それが、よりによって松山の4勝に続く、今年2人目の年間複数回Vがかかった最終日に、ぱたりとその勢いが止まってしまえばその翌日は、9日月曜日に行われた「ジャパンゴルフツアー表彰式」で2年連続の平均パット数1位の受賞を受けても、気持ちはさほど盛り上がってこない谷原なのであった。

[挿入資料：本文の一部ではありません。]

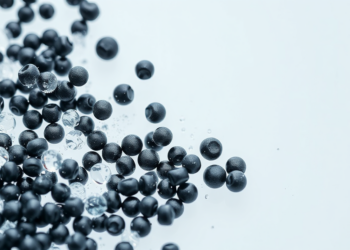Magnetic Carbon Beads Rapidly Degrade Antibiotic Sulfamethoxazole in Water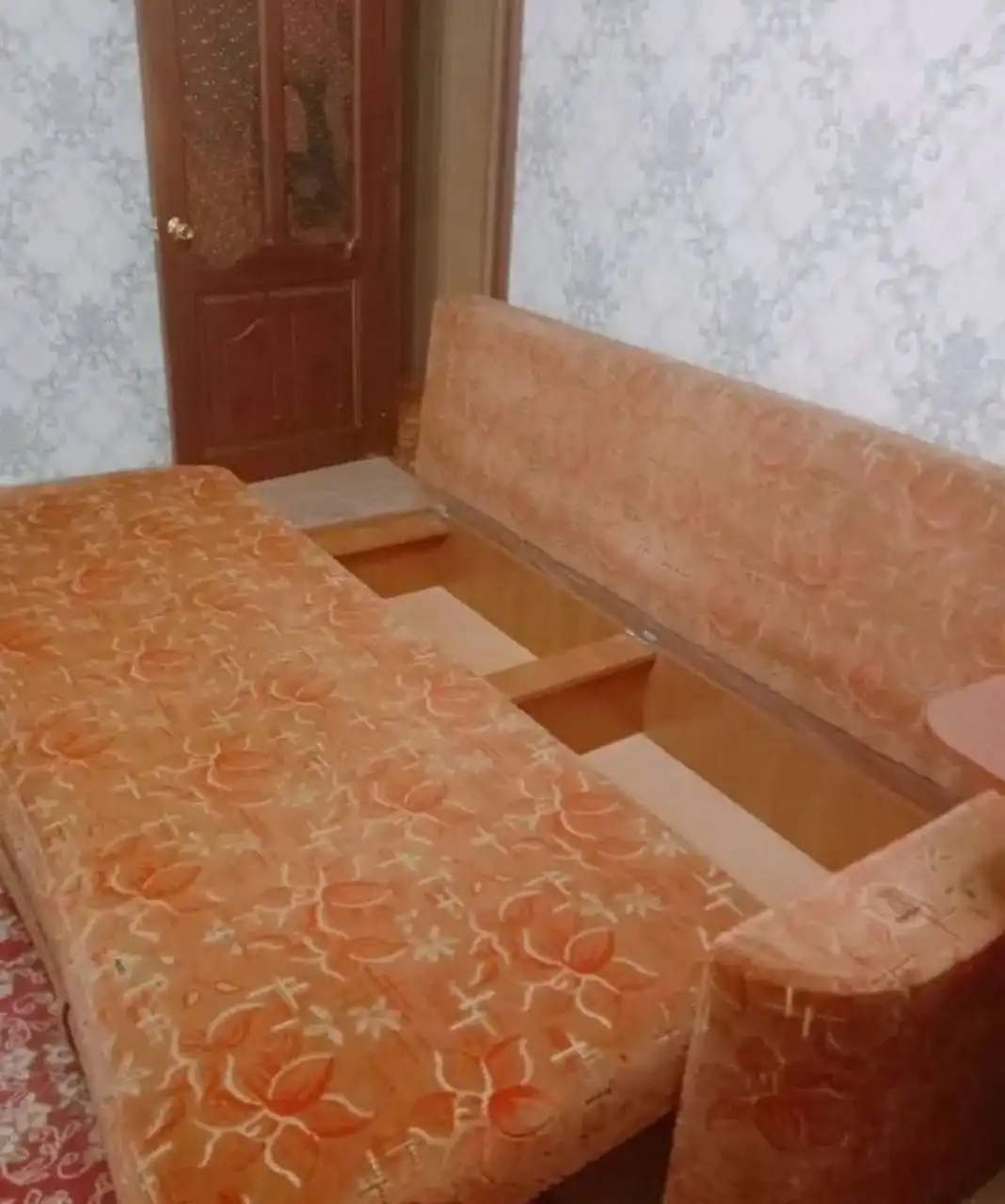 Продам диван с подставкой и ящиком для белья - Мягкая мебель (Для дома и дачи) в Томск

それでも今年は、三井住友VISA太平洋マスターズで、3年ぶりのツアー通算10勝目をあげて、喜びもさめやらぬままにその翌週に、石川遼とオーストラリアに乗り込んだ。
自身6年ぶり3度目となったワールドカップで、チーム3位に入った。世界舞台で「とても良い収穫になりました」と、今年はそれが、ひとつ本人には感慨深い。2005年にシード入りを果たした米ツアーにも、再び目を向けるきっかけにもなった。
「それを糧に、来年はさらに頑張って行きたいです」と、気持ちも前向き。かねてより、目標に掲げてきた悲願の賞金王獲りに向けても、さらに思いが高まって・・・。

「いやあ、そこらへんは微妙ですね」と苦笑いで、口を濁した。
35歳。たゆまぬトレーニングで鍛え上げたムキムキマンも、「そろそろ体が衰えて来ている気がする」。気持ちと技術の向上にも、近頃はどうにも肉体がついていかないような気配に、不安もちらほら。「最近、疲れてプレー後に飲む元気もない」と大好きなお酒も、ハードなトレーニングも「そこは、ほどほどに頑張る」と年相応に、4年前にひどく肩を壊した反省も胸に、体とじっくり相談しながら取り組む。

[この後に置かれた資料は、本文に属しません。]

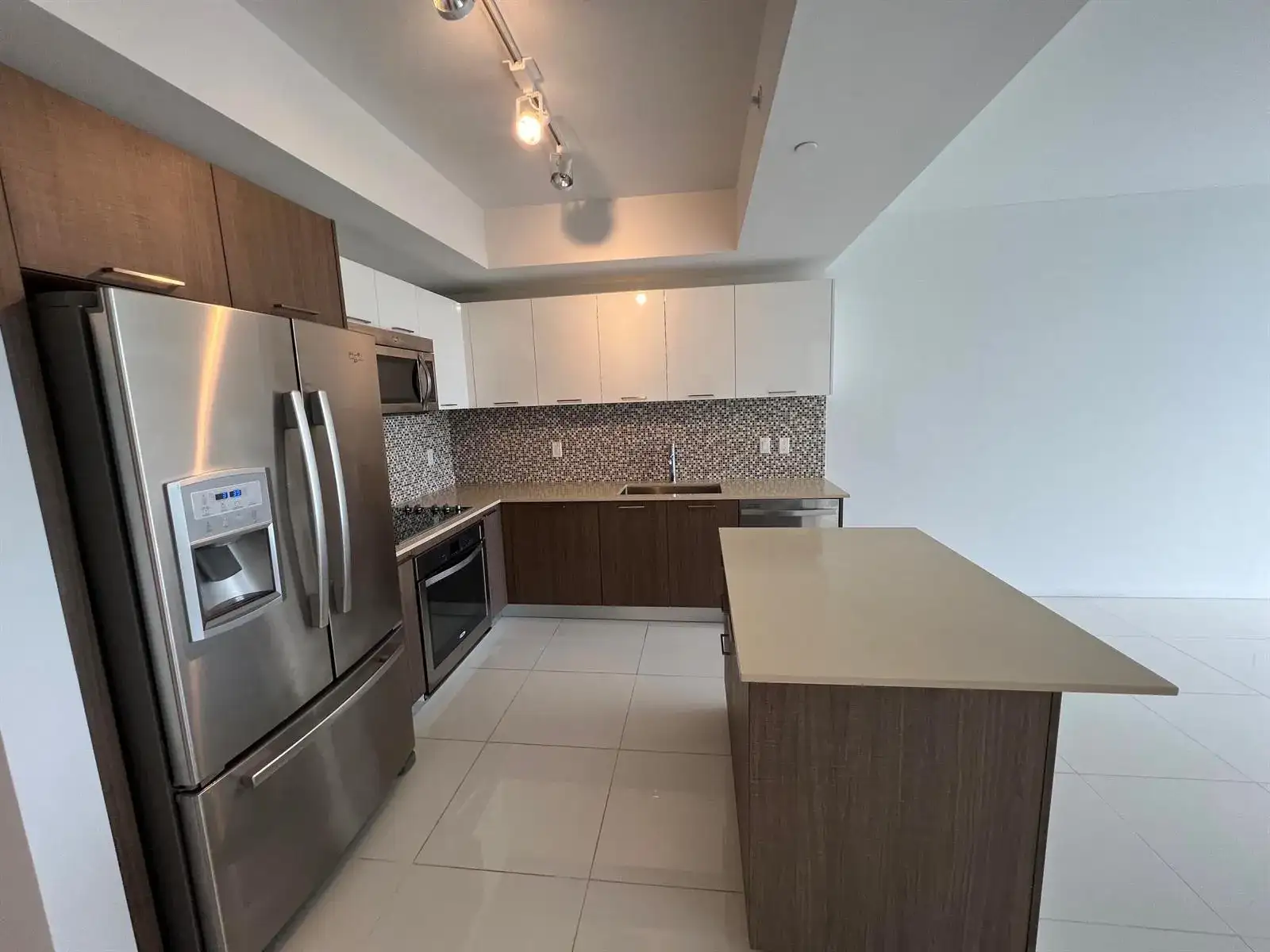 5300 PASEO Boulevard # 708, Doral FL 33166 photo 2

近頃は社会貢献活動にもますます力を入れており、平均パット1位の表彰を受けたその足で、自らが立ち上げたジュニアと障害者ゴルファーの支援を目的とした「一般財団法人Green Seed Foundation(グリーンシードファウンデーション)」の設立記念パーティに参加。

発起人として、壇上でマイクを握った。
財団名を和訳すれば「緑の種財団」。
「小さな種から出た小さな芽でも、やがて集まれば緑鮮やかなグリーンになるように、ひとつひとつの善意の心を大切にし、根が広がるように、多くの方たちへ伝わりますように・・・」。
グリーン上でつかんだ2年連続の栄冠も、最初は肩痛の影響で落ちた飛距離を少しでも補うために、小技の技術向上を目指してコツコツと、小さな努力を重ねてきたたまものだった。
これからも、どんな小さな種でも、いつか大きな木に育つことを信じて谷原は、希望の種を蒔きながら歩く。

※パーオンホールのみを対象とした1ホール辺りのパット数で1.7345を記録して、2年連続の平均パット数1位を獲得した谷原には、9日月曜日にパレスホテル東京で行われた「ジャパンゴルフツアー表彰式」で、一般社団法人日本ゴルフツアー機構の諸星裕(もろほしゆたか)副会長より、記念のトロフィを贈りました。